Samen met een team van bevlogen collega’s werkte ik bij het team Jeugd en Veiligheid, waar ik voornamelijk als mentor optrad voor jongeren die verbleven bij PITSTOP. Dit was een woonbegeleidingsproject waar jongeren maximaal twee jaar konden wonen terwijl ze naar school gingen, een bijbaantje hadden en werkten aan hun persoonlijke doelen.
Gedurende de vijf jaar dat ik daar werkte, heb ik veel jongeren mogen begeleiden, waaronder veel alleenstaande minderjarige vluchtelingen (AMV’ers) die al veel hadden meegemaakt op zo’n jonge leeftijd. Verlies, verdwijning en vooral veel angst en onzekerheid over hun achtergebleven familie. Desondanks gingen ze naar school, werkten ze hard, bouwden ze een informeel netwerk op en dachten ze aan hun toekomst. Onze begeleidingsmomenten vonden plaats aan tafel, tijdens het koken of onderweg naar afspraken. De veerkracht en vastberadenheid van deze jongeren raakten me diep, evenals hun vrolijkheid en tevredenheid, waar velen een voorbeeld aan kunnen nemen: blij zijn met wat je hebt en de mensen om je heen.
Soms was intensieve begeleiding niet nodig; een simpel kopje thee op de bank volstond om een vertrouwensband op te bouwen.
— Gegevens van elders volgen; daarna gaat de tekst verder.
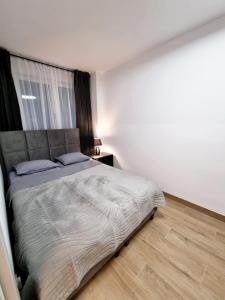 Postel nebo postele na pokoji v ubytování SunMarine Hel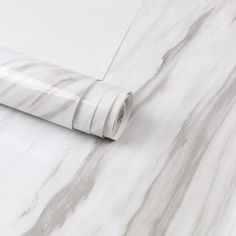 a roll of white tape sitting on top of a marble wallpaper covered in grey and white stripes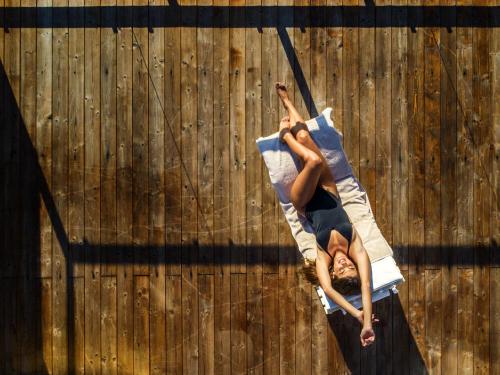 a man is on a climbing rope in front of a wooden fence at Hotel Santa Caterina in Palinuro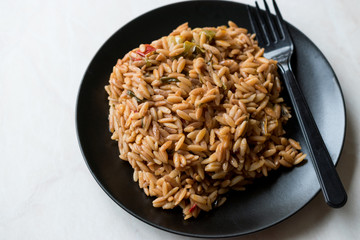 Turkish Style Cooked Orzo Pasta in Black Plate / Pilav or Pilaf.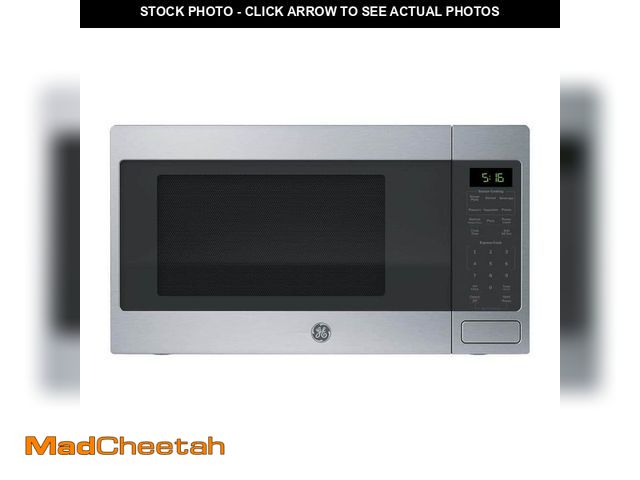 Lot 74-12685614 - (DENTED) GE 1.6 Cu. Ft. Countertop Microwave Oven - UNUSED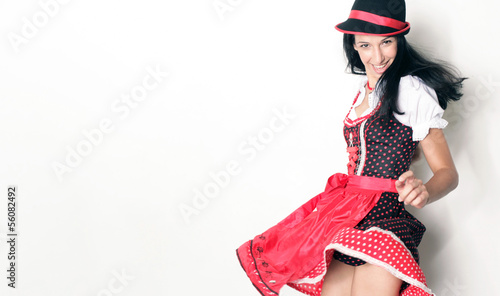 Photo: Lustiges Mädchen im Dirndl Lustiges Mädchen im Dirndl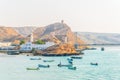 View of fishing boats anchoring in a bay in the Omani town Al Ayjah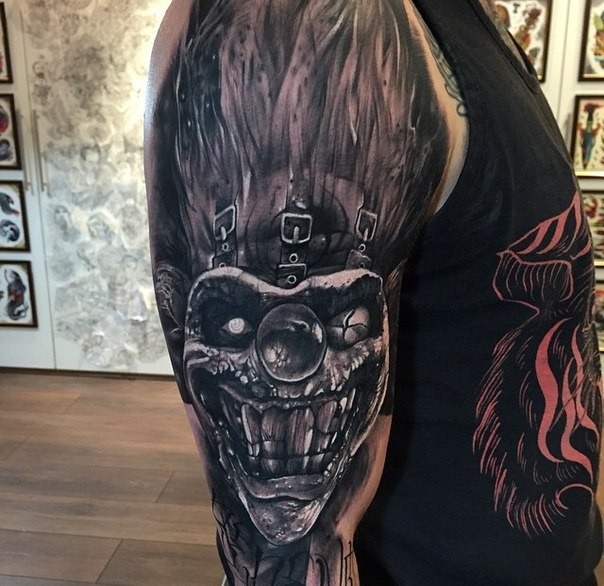 Nice looking colored arm tattoo of crazy monster clown face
Veel jongeren hadden het vertrouwen in volwassenen verloren door teleurstellingen en het niet tegemoetkomen aan hun behoeften. Dit uitte zich vaak in vermijdingsgedrag, testen of boosheid, begrijpelijk gezien hun ervaringen. Ongeveer 90% van hen stroomde succesvol uit en ging zelfstandig wonen om verder te bouwen aan hun toekomst. Soms werd ik zelfs uitgenodigd voor hun diploma-uitreiking of om hun huisje te komen bekijken.
Ik herinner me nog elke jongere die ik heb mogen begeleiden, waarvan sommigen een blijvende indruk hebben achtergelaten door hun verhaal en vooral door hoe ze ermee omgingen. Wanneer ik oud-collega’s spreek, komen de verhalen vanzelf weer naar boven en zie ik nog steeds de bevlogenheid die we destijds deelden. Het was een prachtige tijd die ik zo weer zou overdoen, inclusief de onregelmatige werktijden die erbij hoorden.